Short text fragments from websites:
== Segment start ==
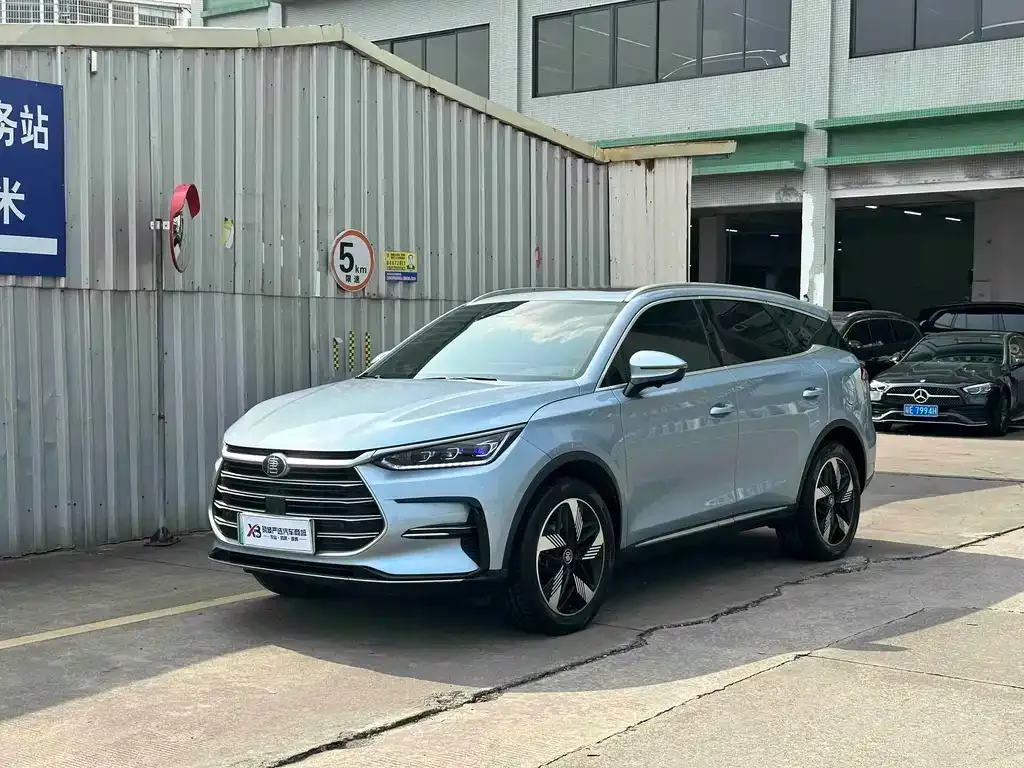 BYD Tang New Energy — фото 1
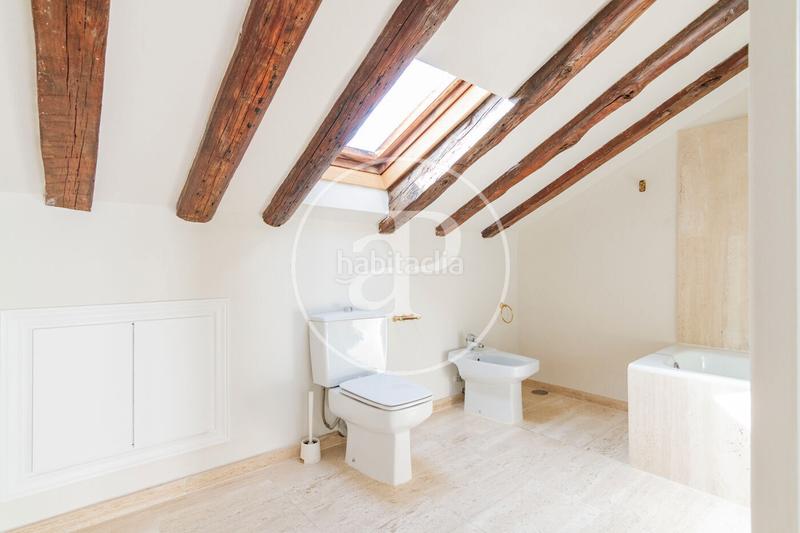 Foto 7af31456-2238-4369-bf93-811b778ff0ff. Miete dachwohnung mit heizung in Cortes-Huertas Madrid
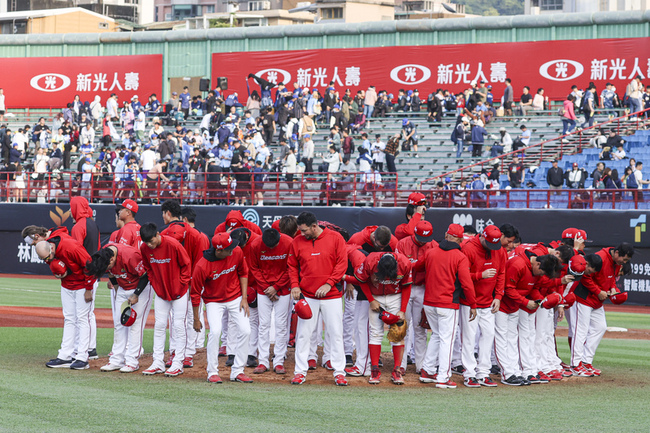 味全龍開季5連勝獨走 葉君璋談陣容安排空間大 | 華視新聞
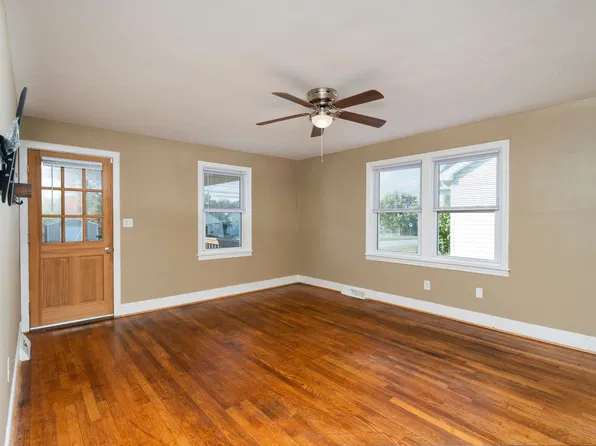 668 N Bath Ave #A, Waynesboro, VA 22980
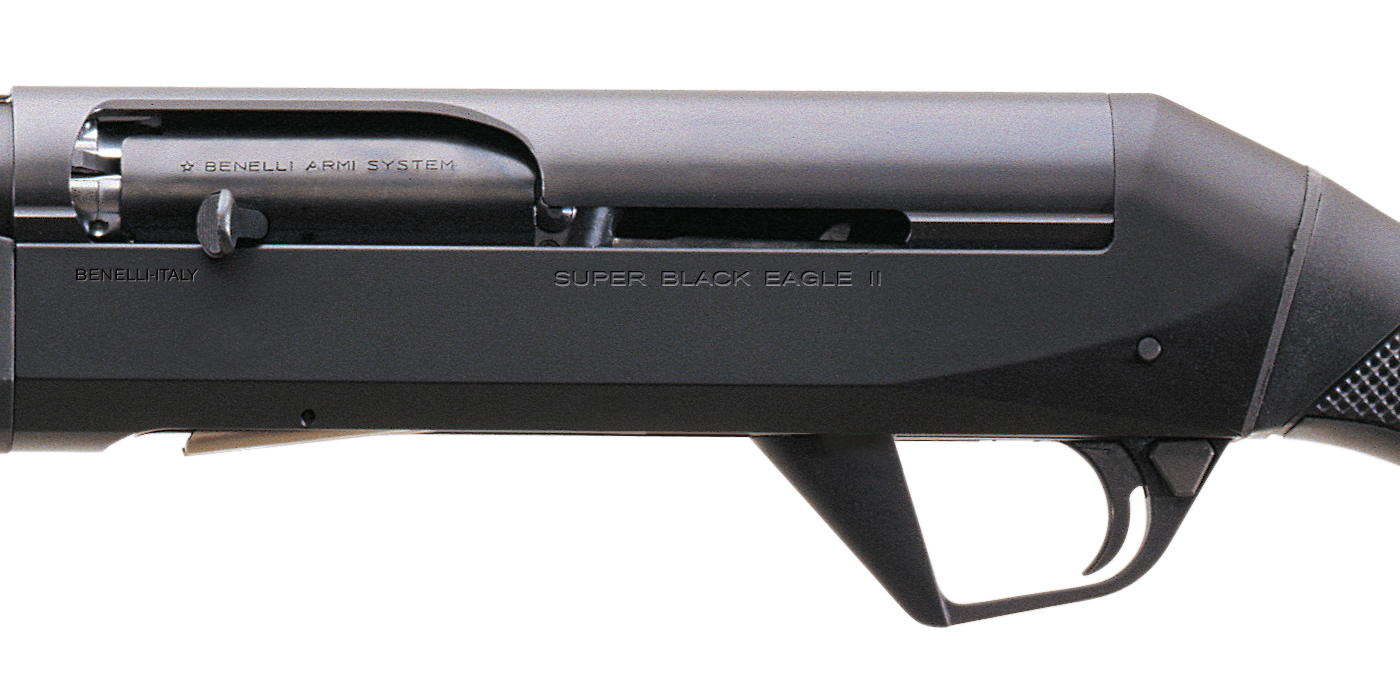Benelli Super Black Eagle II Black synthetic, ComforTech, Left-hand 24" 10066
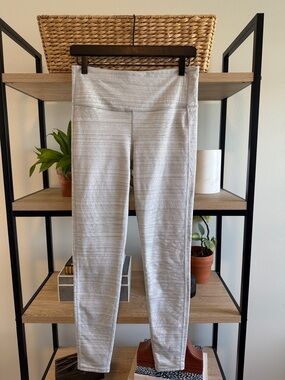 Athleta Mid-Rise Gray Textured Activewear Yoga Tight Legging, M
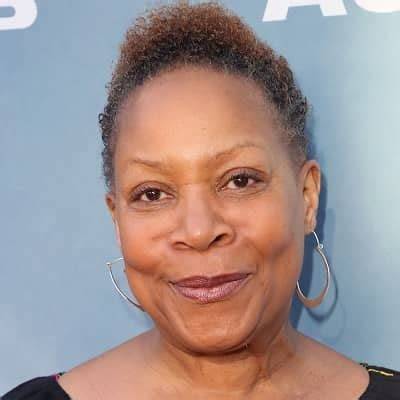 Juanita Jennings Bio, Wiki, Age, Height, Husband, Children, Movies, Tv Shows, Cancer and Net Worth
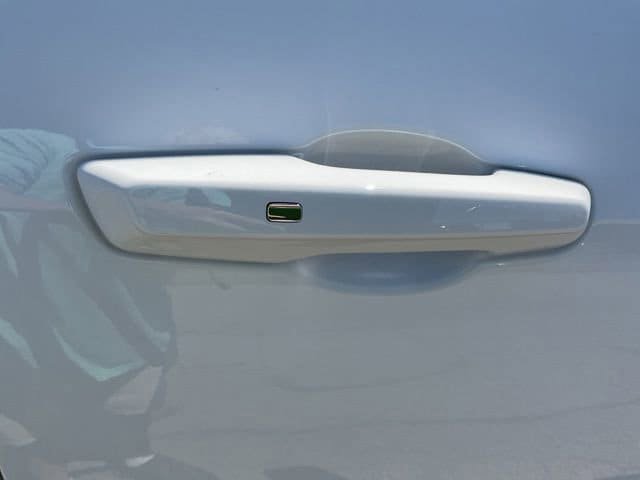 Certified 2025 Chevrolet Equinox LT w/ Convenience Package II FWD image 18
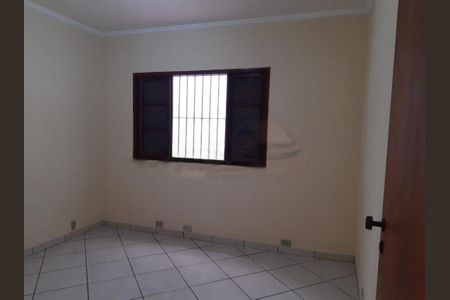 Casa à venda com 3 quartos, 130m² em Vila Brasilina, São Paulo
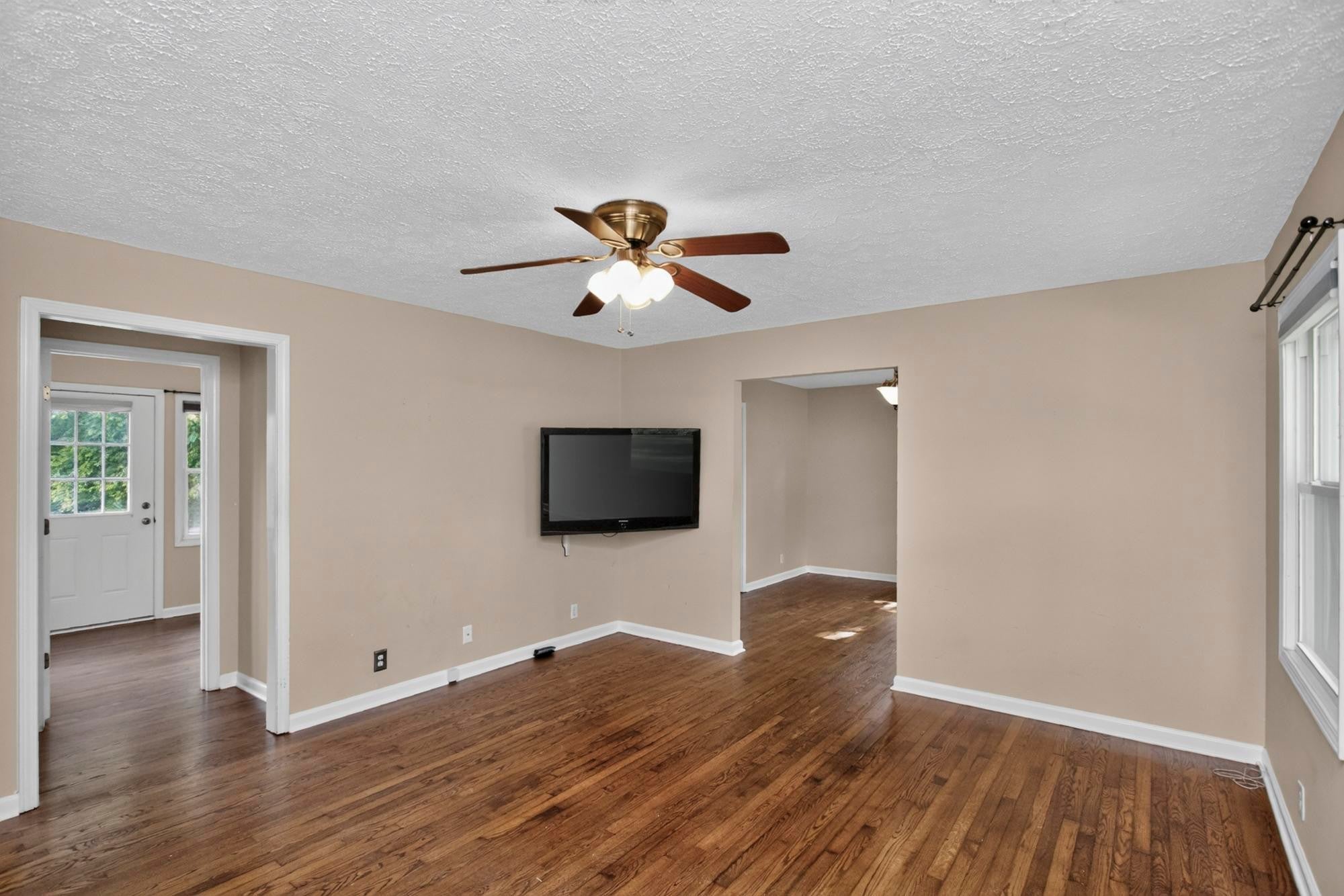 1455 Dividing Ridge Rd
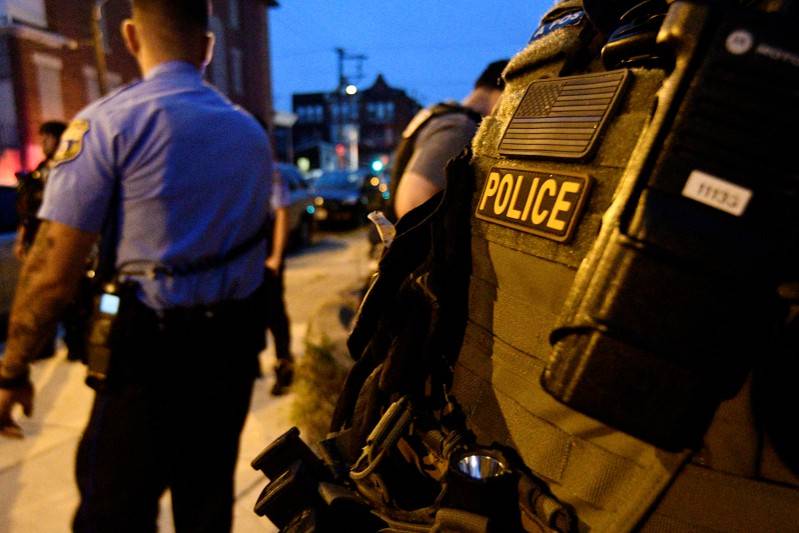 Suspect in Philadelphia police standoff taken into custody | The Star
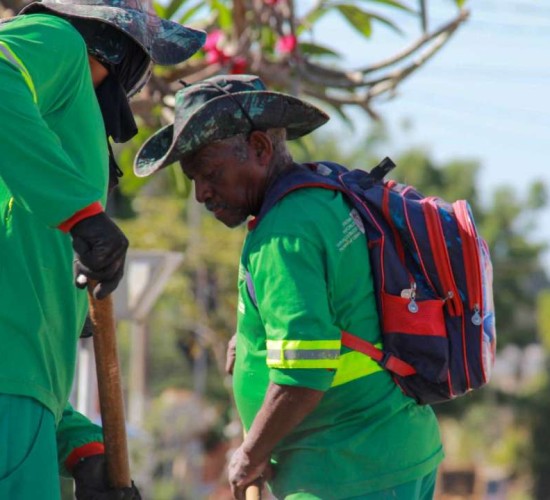 Prefeitura de Várzea Grande leva mutirão de limpeza, manutenção e melhorias a diversos bairros nesta sexta-feira (15)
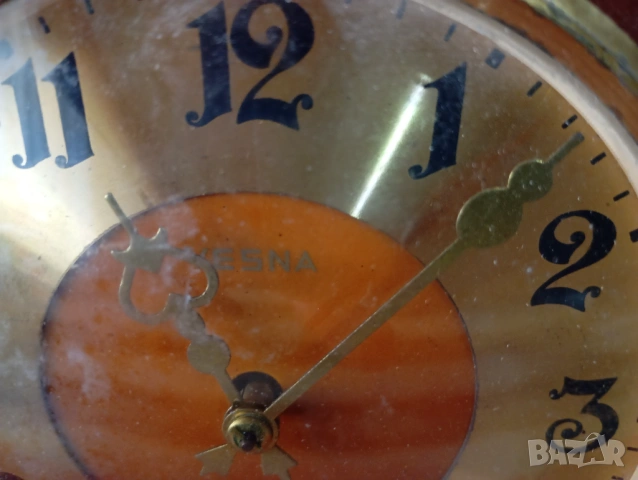 Настолен часовник, снимка 3 - Антикварни и старинни предмети - 54108671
== Segment end ==
AIM OF THE EXERCISE: Skip every picture. Repeat word for word the lines from the line holding "Foto 7af31456-2238-4369-bf93-811b778ff0ff. Miete" through the end of the entries above.

TASK ANSWER:
 Foto 7af31456-2238-4369-bf93-811b778ff0ff. Miete dachwohnung mit heizung in Cortes-Huertas Madrid
 味全龍開季5連勝獨走 葉君璋談陣容安排空間大 | 華視新聞
 668 N Bath Ave #A, Waynesboro, VA 22980
Benelli Super Black Eagle II Black synthetic, ComforTech, Left-hand 24" 10066
 Athleta Mid-Rise Gray Textured Activewear Yoga Tight Legging, M
 Juanita Jennings Bio, Wiki, Age, Height, Husband, Children, Movies, Tv Shows, Cancer and Net Worth
 Certified 2025 Chevrolet Equinox LT w/ Convenience Package II FWD image 18
 Casa à venda com 3 quartos, 130m² em Vila Brasilina, São Paulo
 1455 Dividing Ridge Rd
 Suspect in Philadelphia police standoff taken into custody | The Star
 Prefeitura de Várzea Grande leva mutirão de limpeza, manutenção e melhorias a diversos bairros nesta sexta-feira (15)
 Настолен часовник, снимка 3 - Антикварни и старинни предмети - 54108671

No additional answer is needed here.